Commodities

Banana and broccoli farmers urged to tap Korea purchase deal

BANANA

A trader arranges green bananas at Nakuru’s Wakulima Market, Nakuru Town. FILE PHOTO | NMG

geraldandae

Summary

  • Banana and broccoli farmers in Kenya have been advised to seize opportunities in the South Korean market following a sales deal struck by the two nations.
  • Trade PS Johnson Weru said Korea in 2018 opened a window for imports of the two commodities from Kenya as part of a bilateral agreement between the two nations.

Banana and broccoli farmers in Kenya have been advised to seize opportunities in the South Korean market following a sales deal struck by the two nations.

Trade PS Johnson Weru said Korea in 2018 opened a window for imports of the two commodities from Kenya as part of a bilateral agreement between the two nations.

“In spite of the offer, we have noted that the volume of exports to these two products is dismally small,” he said in a letter addressed to Council of Governors chief executive Jaqueline Mogeni.

The PS said the two produce do not face strict restrictions as is the case with other fresh commodities meant for export, noting that this should be easy for farmers to export.

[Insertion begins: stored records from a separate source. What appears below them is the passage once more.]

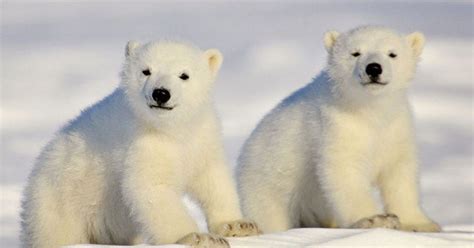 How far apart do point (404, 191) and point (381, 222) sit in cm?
126

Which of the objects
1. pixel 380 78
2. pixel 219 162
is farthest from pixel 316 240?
pixel 380 78

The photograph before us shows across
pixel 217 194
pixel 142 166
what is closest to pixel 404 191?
pixel 217 194

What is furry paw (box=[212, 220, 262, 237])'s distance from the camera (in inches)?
409

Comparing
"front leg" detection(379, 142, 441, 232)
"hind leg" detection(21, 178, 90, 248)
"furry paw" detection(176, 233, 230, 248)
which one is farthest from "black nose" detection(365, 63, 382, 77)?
"hind leg" detection(21, 178, 90, 248)

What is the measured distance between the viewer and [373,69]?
38.1 ft

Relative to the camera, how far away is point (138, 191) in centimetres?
1058

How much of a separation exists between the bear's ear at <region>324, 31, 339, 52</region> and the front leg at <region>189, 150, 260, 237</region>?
1.97m

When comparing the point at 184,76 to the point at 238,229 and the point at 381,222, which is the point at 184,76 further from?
the point at 381,222

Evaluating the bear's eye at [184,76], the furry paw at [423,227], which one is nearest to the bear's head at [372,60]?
the furry paw at [423,227]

“These two products do not require pest risk analysis, however, the products should be accompanied by a phytosanitary certificate from a competent authority in Kenya,” said Mr Weru.

The official urged counties to refer any interested party to Kenya Plant Health Inspectorate Service (Kephis) for the acquisition of these certificates.

“The purpose of this letter, therefore, is to inform as above and to further request your office to convey this information to the counties that can produce and export the two products,” said the PS.

Kephis managing director Theophilus Mutui said the agency is ready to issue certificates once the interested party approaches them for that.

“The lobby groups, which represent farmers, are supposed to create awareness among their members, then Kephis will inform for conformity and issue the phytosanitary certificates,” he said.

South Korea imports 70 percent of its food and in 2017, bananas were the most imported produce in the country recording 834,000 tonnes, worth $1.24 billion, according to statistics released by the South Korea Customs Service.

The largest fruit exporter to South Korea, accounting for 38.3 percent of the total fruit imports, was the United States.

In Kenya, areas which produce green bananas include Nyamira, Kakamega, Bungoma, Muranga, Nyeri, Kericho and Kirinyaga.